While some Underdog work might have been lumped with the post-Muggs, THC-haze there’s an ambience and knack for psychedelia in the mix that could be fully appreciation when it was free from the distraction of comparison with beloved originals. On the Brotherhood’s ‘Elementalz’ it was out there. Some of the album might sound a little naive now, but the little gothic touches and lavish yet abstract art from Dave Mckean indicated that someone had taken their time putting it together in contrast to the graffiti fonts and barely Pentel tag fonts of rival British releases. It never set off a movement and as a nation, few lessons were learned and UK rap moaned and stagnated. Now the real appeal is in a hastily recorded road rap sound that’s too agitated to bother with lavish inlays.

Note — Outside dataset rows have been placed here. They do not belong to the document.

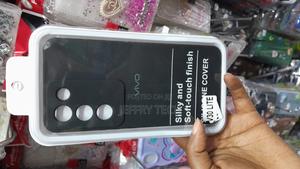 Damtte Vivo V30 Lite Slim Liquid Silicone Full Covered Soft- Black - thumbnail 2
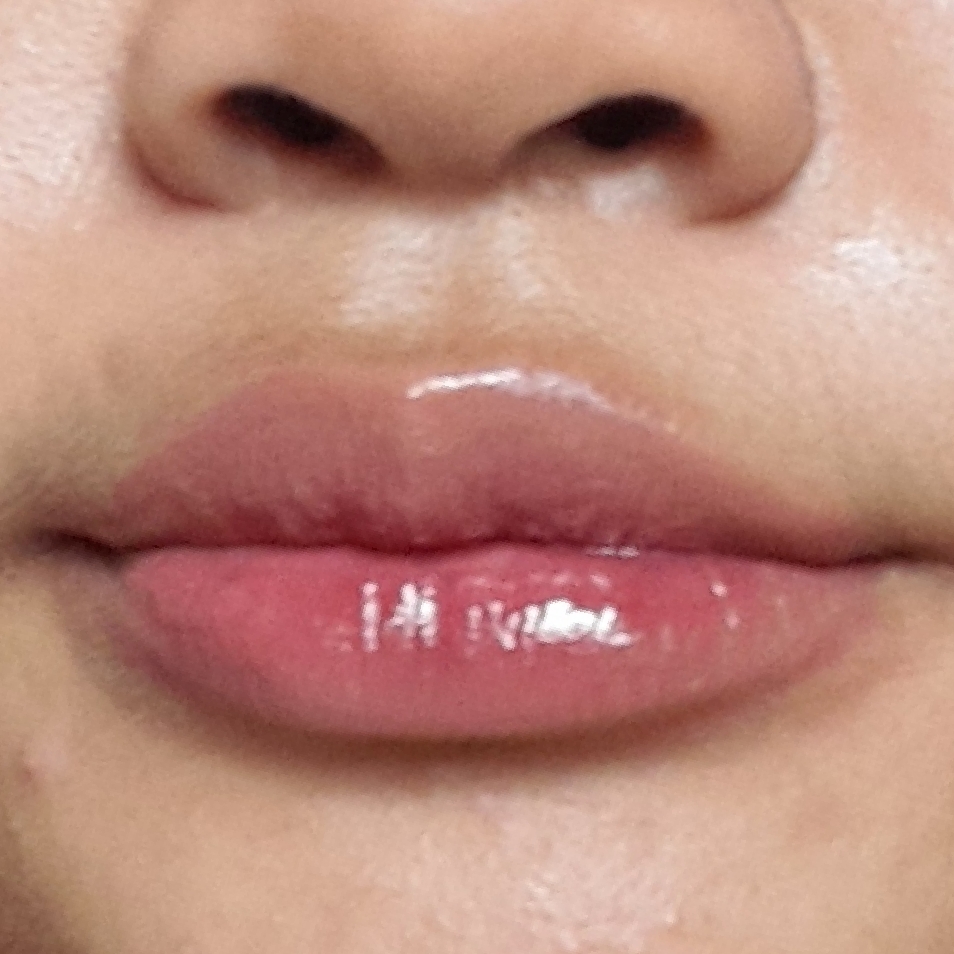 GWS Plump Gloss - 03 Berryphoria imgfdn-9dc2e6fb-6841-47e6-be29-63dd0190f86d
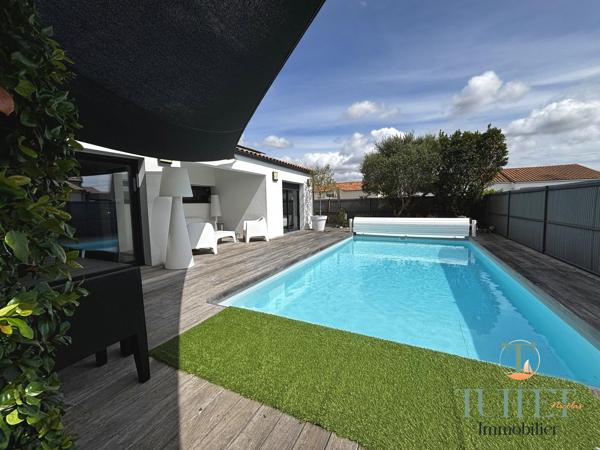 Villa contemporaine haut de gamme avec piscine chauffée- Résidence sécurisée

This interview with Jackson is brutally honest at a time when many swagger around as one-man brands on a Klout score mission. He downplays a little too much of his work, but it’s clear that the graphic design and typography is still his first passion (check out Cynthia Rose’s ‘Design After Dark’ for some sleeve and clubland designs that typify the late ’80s to early ’90s, including some of Jackson’s Champion and Gee Street work). His site has a good cross section of his works so far, but Bite It!s street-level take on the Suzuki rhino and the attention lavished on some otherwise forgotten 12″s with Donald Christie’s photography.
Little Pauly Ryan EP’s been on here before, but it deserves a second appearance alongside Scientists of Sound and 100% Proof releases too. Who else was doing anything like that in 1992? He still works with Donald on video projects like this. That sloganeering should be memorable to ‘Phat’ readers too. I can’t help but think that that one-man, money’s-no-object (rarely the key to longevity in the recording industry) crusade against mediocrity deserves inspection from a wider audience as we champion some right old sh…actually, to honour Hev’s ‘Don’t Curse’ plea, it can get censored…shameless rubbish.